(Dataset excerpts)

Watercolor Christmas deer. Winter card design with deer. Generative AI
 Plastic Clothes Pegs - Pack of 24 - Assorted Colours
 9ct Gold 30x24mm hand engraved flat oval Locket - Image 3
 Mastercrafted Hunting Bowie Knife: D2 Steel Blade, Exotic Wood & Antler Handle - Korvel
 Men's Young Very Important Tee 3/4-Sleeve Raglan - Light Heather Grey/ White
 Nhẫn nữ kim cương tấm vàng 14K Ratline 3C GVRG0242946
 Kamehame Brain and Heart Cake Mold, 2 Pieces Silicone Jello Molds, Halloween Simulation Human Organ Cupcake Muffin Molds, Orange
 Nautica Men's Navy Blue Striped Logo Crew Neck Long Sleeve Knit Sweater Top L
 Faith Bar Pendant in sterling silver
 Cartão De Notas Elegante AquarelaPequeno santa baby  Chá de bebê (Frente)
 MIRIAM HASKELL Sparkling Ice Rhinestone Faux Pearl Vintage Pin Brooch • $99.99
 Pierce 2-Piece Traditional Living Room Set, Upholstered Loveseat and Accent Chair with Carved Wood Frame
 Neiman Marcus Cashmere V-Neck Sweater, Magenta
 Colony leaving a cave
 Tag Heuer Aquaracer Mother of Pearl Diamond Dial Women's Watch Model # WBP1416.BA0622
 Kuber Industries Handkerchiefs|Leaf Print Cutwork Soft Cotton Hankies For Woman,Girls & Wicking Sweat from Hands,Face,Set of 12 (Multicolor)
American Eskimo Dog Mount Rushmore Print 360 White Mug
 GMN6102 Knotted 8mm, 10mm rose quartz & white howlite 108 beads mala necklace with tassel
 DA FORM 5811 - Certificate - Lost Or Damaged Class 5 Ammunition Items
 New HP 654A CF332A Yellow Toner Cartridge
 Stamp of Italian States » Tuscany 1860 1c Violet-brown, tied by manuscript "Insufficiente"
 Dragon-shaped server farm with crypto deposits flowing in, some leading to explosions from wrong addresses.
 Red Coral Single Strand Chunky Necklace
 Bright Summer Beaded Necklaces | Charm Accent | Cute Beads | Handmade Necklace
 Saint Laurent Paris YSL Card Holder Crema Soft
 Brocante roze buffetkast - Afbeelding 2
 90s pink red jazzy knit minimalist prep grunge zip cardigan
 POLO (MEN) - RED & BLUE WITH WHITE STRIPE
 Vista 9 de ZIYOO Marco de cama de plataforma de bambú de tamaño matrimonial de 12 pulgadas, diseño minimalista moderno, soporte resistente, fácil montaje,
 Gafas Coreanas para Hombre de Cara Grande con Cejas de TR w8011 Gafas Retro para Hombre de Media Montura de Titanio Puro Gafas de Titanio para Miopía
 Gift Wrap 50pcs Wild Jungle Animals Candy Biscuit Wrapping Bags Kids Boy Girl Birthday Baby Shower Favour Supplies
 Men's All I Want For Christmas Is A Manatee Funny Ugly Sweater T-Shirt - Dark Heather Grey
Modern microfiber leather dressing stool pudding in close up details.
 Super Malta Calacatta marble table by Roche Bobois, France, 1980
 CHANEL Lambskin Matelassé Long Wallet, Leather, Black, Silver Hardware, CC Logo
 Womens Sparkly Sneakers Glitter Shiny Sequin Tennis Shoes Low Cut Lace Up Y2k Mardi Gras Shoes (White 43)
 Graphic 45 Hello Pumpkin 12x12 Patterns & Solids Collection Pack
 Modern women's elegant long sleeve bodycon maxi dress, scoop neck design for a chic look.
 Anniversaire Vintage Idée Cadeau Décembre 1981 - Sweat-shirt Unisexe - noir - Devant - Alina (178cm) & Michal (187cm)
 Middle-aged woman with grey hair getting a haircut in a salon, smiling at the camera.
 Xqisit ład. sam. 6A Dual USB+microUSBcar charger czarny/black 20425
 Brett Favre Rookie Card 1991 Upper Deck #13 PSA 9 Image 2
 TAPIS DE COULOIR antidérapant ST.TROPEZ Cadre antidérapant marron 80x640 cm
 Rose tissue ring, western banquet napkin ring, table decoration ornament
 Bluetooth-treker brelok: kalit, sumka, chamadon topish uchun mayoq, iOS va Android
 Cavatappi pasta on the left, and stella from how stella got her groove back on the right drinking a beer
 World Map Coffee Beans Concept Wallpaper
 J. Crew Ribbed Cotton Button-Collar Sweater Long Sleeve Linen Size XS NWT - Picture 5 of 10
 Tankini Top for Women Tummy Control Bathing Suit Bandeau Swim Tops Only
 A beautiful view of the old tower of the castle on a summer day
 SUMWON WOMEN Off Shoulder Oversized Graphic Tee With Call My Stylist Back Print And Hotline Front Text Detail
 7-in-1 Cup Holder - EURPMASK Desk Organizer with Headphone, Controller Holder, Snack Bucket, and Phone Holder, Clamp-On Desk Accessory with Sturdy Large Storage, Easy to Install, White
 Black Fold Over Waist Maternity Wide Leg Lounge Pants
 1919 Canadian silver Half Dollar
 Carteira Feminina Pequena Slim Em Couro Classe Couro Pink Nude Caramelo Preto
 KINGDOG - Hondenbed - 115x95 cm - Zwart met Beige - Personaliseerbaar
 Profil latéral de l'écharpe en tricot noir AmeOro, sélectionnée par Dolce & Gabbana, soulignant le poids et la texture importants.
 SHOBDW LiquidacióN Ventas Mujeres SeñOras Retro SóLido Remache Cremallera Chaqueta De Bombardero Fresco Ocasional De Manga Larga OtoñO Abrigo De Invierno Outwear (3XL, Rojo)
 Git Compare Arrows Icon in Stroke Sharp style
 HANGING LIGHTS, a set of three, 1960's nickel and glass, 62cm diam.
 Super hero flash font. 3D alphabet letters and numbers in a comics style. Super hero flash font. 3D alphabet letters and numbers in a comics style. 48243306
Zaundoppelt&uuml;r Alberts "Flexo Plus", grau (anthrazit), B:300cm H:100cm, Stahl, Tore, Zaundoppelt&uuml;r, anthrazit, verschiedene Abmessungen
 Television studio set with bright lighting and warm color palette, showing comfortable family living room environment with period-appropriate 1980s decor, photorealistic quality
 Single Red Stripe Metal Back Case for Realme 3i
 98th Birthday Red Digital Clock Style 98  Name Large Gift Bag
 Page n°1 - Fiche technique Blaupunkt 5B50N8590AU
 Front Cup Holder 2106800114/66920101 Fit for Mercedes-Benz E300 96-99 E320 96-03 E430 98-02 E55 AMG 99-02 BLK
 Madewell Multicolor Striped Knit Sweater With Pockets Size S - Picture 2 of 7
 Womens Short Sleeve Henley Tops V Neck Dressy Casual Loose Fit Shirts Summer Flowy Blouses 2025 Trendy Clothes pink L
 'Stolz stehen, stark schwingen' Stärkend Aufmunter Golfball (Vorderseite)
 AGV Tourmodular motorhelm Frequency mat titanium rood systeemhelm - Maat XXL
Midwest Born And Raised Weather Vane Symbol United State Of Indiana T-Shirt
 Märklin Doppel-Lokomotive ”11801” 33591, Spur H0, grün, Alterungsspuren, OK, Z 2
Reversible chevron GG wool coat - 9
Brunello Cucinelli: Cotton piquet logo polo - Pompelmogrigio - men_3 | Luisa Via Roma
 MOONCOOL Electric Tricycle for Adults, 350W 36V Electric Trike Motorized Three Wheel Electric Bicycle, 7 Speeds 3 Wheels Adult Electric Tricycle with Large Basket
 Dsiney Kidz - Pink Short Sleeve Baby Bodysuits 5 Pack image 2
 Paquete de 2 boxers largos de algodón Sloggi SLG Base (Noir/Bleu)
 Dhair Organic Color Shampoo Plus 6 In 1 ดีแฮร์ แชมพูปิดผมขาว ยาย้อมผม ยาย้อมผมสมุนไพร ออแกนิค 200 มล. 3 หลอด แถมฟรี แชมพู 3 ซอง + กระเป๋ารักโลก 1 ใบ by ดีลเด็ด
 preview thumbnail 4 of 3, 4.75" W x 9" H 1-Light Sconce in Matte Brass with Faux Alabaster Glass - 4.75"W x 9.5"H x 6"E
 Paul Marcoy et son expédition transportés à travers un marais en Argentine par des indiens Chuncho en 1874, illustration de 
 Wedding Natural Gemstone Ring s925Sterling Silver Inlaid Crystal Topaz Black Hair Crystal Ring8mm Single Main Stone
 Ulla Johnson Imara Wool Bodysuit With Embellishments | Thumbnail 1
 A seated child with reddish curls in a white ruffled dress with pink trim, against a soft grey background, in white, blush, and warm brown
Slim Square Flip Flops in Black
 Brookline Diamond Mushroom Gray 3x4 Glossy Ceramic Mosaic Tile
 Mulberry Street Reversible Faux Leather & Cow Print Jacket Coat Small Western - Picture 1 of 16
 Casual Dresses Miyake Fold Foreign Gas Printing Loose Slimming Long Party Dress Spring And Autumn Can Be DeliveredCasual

**PROBLEM DESCRIPTION**
Nothing but the lines above from the one containing "Pierce 2-Piece Traditional" through the one containing "Stamp of Italian" should appear in the answer, each repeated exactly.

**ANSWER TO THIS TASK**
 Pierce 2-Piece Traditional Living Room Set, Upholstered Loveseat and Accent Chair with Carved Wood Frame
 Neiman Marcus Cashmere V-Neck Sweater, Magenta
 Colony leaving a cave
 Tag Heuer Aquaracer Mother of Pearl Diamond Dial Women's Watch Model # WBP1416.BA0622
 Kuber Industries Handkerchiefs|Leaf Print Cutwork Soft Cotton Hankies For Woman,Girls & Wicking Sweat from Hands,Face,Set of 12 (Multicolor)
American Eskimo Dog Mount Rushmore Print 360 White Mug
 GMN6102 Knotted 8mm, 10mm rose quartz & white howlite 108 beads mala necklace with tassel
 DA FORM 5811 - Certificate - Lost Or Damaged Class 5 Ammunition Items
 New HP 654A CF332A Yellow Toner Cartridge
 Stamp of Italian States » Tuscany 1860 1c Violet-brown, tied by manuscript "Insufficiente"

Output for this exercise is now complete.